[Source records]
━━━━━━

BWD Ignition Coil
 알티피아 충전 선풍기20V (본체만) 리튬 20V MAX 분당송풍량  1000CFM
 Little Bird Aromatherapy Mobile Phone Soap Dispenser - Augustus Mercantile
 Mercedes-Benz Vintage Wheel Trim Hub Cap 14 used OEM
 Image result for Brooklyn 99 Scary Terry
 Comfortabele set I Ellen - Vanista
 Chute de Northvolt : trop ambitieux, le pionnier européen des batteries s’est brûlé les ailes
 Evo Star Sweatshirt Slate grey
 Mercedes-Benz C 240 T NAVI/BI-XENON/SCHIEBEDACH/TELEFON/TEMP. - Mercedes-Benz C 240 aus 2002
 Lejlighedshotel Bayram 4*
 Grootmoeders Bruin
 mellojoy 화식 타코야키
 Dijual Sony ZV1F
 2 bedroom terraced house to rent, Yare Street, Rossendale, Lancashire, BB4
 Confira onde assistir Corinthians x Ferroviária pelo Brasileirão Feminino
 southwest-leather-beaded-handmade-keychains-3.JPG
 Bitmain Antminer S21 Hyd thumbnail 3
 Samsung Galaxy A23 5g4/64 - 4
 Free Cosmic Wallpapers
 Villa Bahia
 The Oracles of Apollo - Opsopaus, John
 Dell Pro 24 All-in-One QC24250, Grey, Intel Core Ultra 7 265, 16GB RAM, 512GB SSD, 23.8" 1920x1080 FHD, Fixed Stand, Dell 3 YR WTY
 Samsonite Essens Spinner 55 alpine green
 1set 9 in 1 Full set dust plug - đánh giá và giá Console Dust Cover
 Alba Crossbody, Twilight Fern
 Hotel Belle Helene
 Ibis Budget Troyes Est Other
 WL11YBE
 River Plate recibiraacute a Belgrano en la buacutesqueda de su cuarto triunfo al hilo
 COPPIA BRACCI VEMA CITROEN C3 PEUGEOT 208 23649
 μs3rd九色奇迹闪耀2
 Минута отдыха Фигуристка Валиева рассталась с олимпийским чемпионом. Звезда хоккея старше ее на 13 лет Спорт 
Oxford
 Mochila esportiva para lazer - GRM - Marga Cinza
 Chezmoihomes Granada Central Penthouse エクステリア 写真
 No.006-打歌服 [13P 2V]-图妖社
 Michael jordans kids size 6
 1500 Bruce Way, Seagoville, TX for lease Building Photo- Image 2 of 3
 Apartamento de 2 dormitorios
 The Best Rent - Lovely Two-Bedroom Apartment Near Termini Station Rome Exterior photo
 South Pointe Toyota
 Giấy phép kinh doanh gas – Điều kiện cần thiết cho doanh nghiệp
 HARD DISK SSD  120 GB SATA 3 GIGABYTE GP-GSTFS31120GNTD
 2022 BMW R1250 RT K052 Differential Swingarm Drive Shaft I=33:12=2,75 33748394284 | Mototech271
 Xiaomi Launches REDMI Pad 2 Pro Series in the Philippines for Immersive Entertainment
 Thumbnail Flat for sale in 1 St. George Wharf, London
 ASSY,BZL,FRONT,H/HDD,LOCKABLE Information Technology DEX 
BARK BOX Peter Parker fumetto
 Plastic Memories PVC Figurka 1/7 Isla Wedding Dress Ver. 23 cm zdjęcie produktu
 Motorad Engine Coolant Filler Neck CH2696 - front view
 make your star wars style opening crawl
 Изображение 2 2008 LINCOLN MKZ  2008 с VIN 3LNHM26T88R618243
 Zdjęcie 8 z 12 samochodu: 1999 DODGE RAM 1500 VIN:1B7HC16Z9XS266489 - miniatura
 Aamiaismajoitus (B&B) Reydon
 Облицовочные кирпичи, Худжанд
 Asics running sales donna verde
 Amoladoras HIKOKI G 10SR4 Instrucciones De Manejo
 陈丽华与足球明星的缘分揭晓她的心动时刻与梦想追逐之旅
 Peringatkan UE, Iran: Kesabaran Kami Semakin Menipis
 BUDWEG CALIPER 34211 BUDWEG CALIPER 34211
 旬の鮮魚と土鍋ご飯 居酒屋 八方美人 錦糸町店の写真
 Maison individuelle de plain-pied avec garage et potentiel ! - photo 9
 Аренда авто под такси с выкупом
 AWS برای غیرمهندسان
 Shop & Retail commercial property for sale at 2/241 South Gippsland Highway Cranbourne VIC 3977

━━━━━━

■ EXERCISE BRIEF:
Give back the data above word for word.

■ EXERCISE RESULT:
BWD Ignition Coil
 알티피아 충전 선풍기20V (본체만) 리튬 20V MAX 분당송풍량  1000CFM
 Little Bird Aromatherapy Mobile Phone Soap Dispenser - Augustus Mercantile
 Mercedes-Benz Vintage Wheel Trim Hub Cap 14 used OEM
 Image result for Brooklyn 99 Scary Terry
 Comfortabele set I Ellen - Vanista
 Chute de Northvolt : trop ambitieux, le pionnier européen des batteries s’est brûlé les ailes
 Evo Star Sweatshirt Slate grey
 Mercedes-Benz C 240 T NAVI/BI-XENON/SCHIEBEDACH/TELEFON/TEMP. - Mercedes-Benz C 240 aus 2002
 Lejlighedshotel Bayram 4*
 Grootmoeders Bruin
 mellojoy 화식 타코야키
 Dijual Sony ZV1F
 2 bedroom terraced house to rent, Yare Street, Rossendale, Lancashire, BB4
 Confira onde assistir Corinthians x Ferroviária pelo Brasileirão Feminino
 southwest-leather-beaded-handmade-keychains-3.JPG
 Bitmain Antminer S21 Hyd thumbnail 3
 Samsung Galaxy A23 5g4/64 - 4
 Free Cosmic Wallpapers
 Villa Bahia
 The Oracles of Apollo - Opsopaus, John
 Dell Pro 24 All-in-One QC24250, Grey, Intel Core Ultra 7 265, 16GB RAM, 512GB SSD, 23.8" 1920x1080 FHD, Fixed Stand, Dell 3 YR WTY
 Samsonite Essens Spinner 55 alpine green
 1set 9 in 1 Full set dust plug - đánh giá và giá Console Dust Cover
 Alba Crossbody, Twilight Fern
 Hotel Belle Helene
 Ibis Budget Troyes Est Other
 WL11YBE
 River Plate recibiraacute a Belgrano en la buacutesqueda de su cuarto triunfo al hilo
 COPPIA BRACCI VEMA CITROEN C3 PEUGEOT 208 23649
 μs3rd九色奇迹闪耀2
 Минута отдыха Фигуристка Валиева рассталась с олимпийским чемпионом. Звезда хоккея старше ее на 13 лет Спорт 
Oxford
 Mochila esportiva para lazer - GRM - Marga Cinza
 Chezmoihomes Granada Central Penthouse エクステリア 写真
 No.006-打歌服 [13P 2V]-图妖社
 Michael jordans kids size 6
 1500 Bruce Way, Seagoville, TX for lease Building Photo- Image 2 of 3
 Apartamento de 2 dormitorios
 The Best Rent - Lovely Two-Bedroom Apartment Near Termini Station Rome Exterior photo
 South Pointe Toyota
 Giấy phép kinh doanh gas – Điều kiện cần thiết cho doanh nghiệp
 HARD DISK SSD  120 GB SATA 3 GIGABYTE GP-GSTFS31120GNTD
 2022 BMW R1250 RT K052 Differential Swingarm Drive Shaft I=33:12=2,75 33748394284 | Mototech271
 Xiaomi Launches REDMI Pad 2 Pro Series in the Philippines for Immersive Entertainment
 Thumbnail Flat for sale in 1 St. George Wharf, London
 ASSY,BZL,FRONT,H/HDD,LOCKABLE Information Technology DEX 
BARK BOX Peter Parker fumetto
 Plastic Memories PVC Figurka 1/7 Isla Wedding Dress Ver. 23 cm zdjęcie produktu
 Motorad Engine Coolant Filler Neck CH2696 - front view
 make your star wars style opening crawl
 Изображение 2 2008 LINCOLN MKZ  2008 с VIN 3LNHM26T88R618243
 Zdjęcie 8 z 12 samochodu: 1999 DODGE RAM 1500 VIN:1B7HC16Z9XS266489 - miniatura
 Aamiaismajoitus (B&B) Reydon
 Облицовочные кирпичи, Худжанд
 Asics running sales donna verde
 Amoladoras HIKOKI G 10SR4 Instrucciones De Manejo
 陈丽华与足球明星的缘分揭晓她的心动时刻与梦想追逐之旅
 Peringatkan UE, Iran: Kesabaran Kami Semakin Menipis
 BUDWEG CALIPER 34211 BUDWEG CALIPER 34211
 旬の鮮魚と土鍋ご飯 居酒屋 八方美人 錦糸町店の写真
 Maison individuelle de plain-pied avec garage et potentiel ! - photo 9
 Аренда авто под такси с выкупом
 AWS برای غیرمهندسان
 Shop & Retail commercial property for sale at 2/241 South Gippsland Highway Cranbourne VIC 3977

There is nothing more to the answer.